## Available records
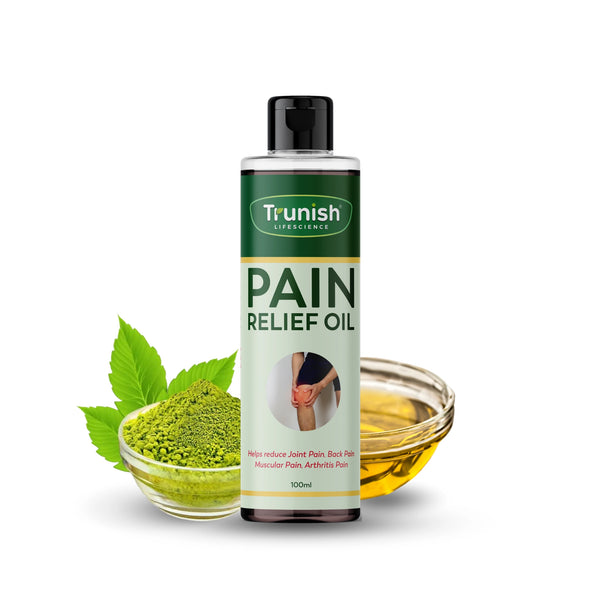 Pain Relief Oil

* * *

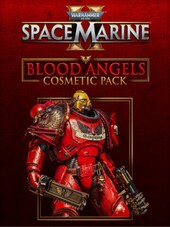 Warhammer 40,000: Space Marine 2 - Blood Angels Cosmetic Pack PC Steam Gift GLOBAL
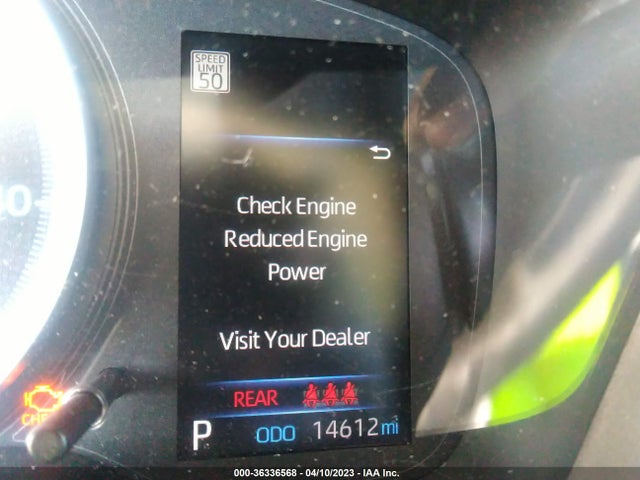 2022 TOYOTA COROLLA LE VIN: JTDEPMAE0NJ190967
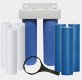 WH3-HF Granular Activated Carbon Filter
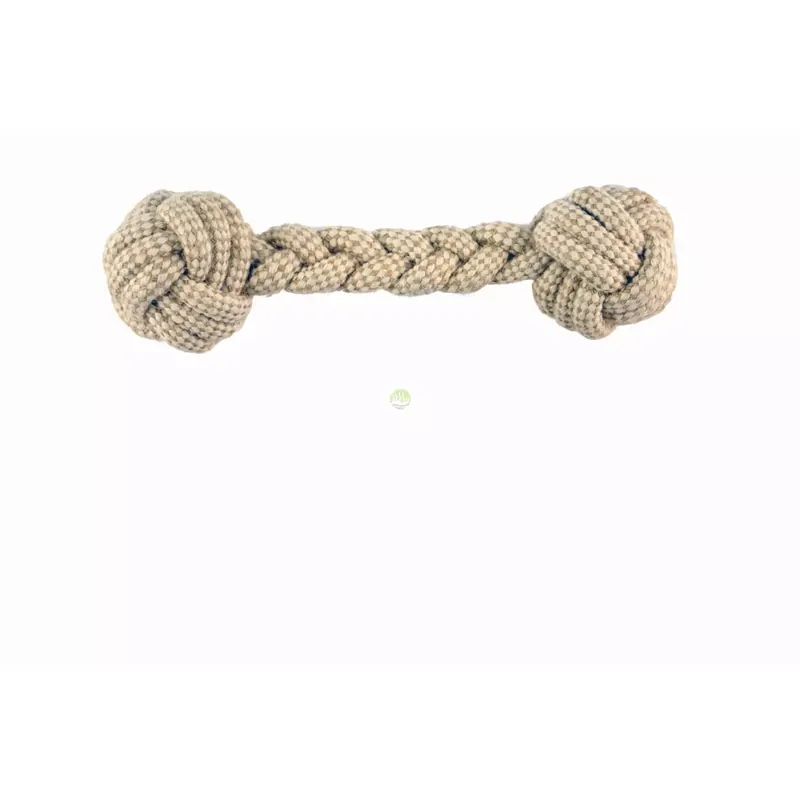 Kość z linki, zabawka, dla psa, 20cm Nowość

--

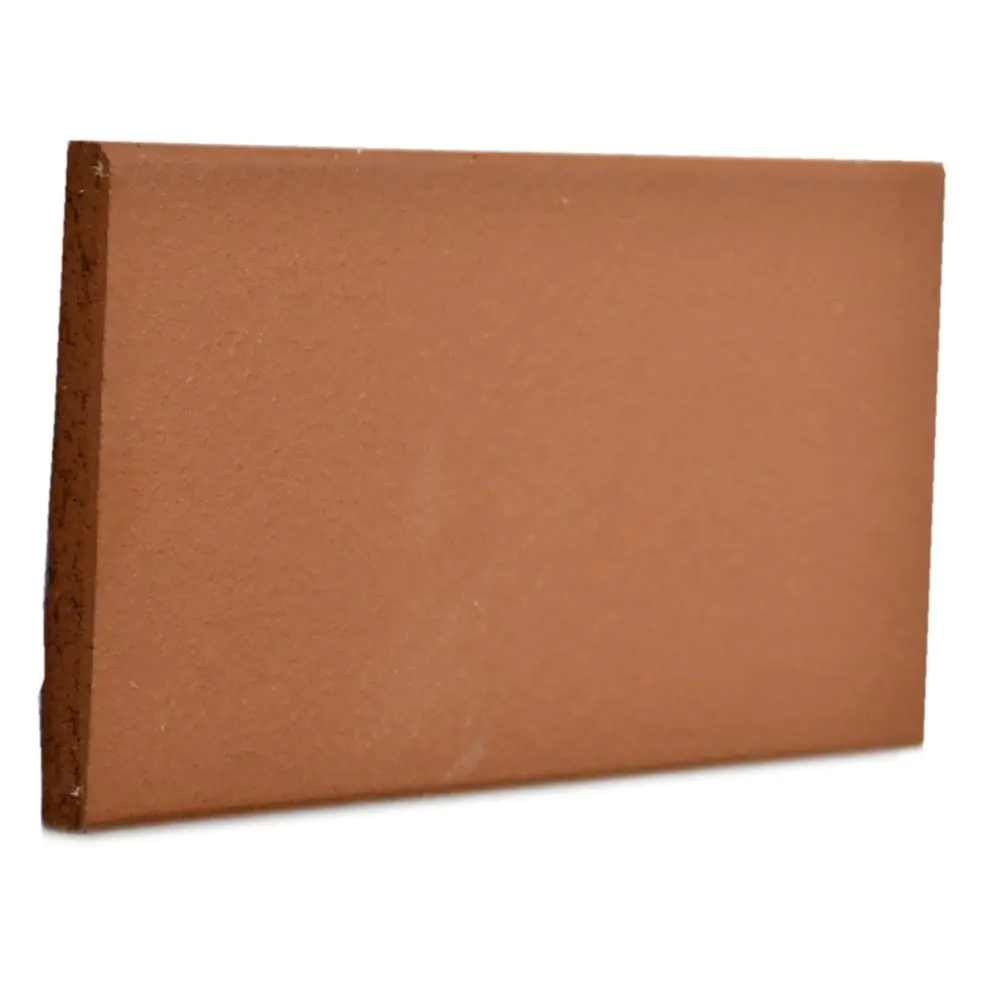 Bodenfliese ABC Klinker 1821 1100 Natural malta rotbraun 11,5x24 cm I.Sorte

## Assignment
Beginning with the line that contains "2022 TOYOTA COROLLA" and ending with the line that contains "Kość z linki, zabawka, dla psa, 20cm Nowość", reproduce the listing exactly, pictures excluded.

## Solution to the problem
 2022 TOYOTA COROLLA LE VIN: JTDEPMAE0NJ190967
 WH3-HF Granular Activated Carbon Filter
 Kość z linki, zabawka, dla psa, 20cm Nowość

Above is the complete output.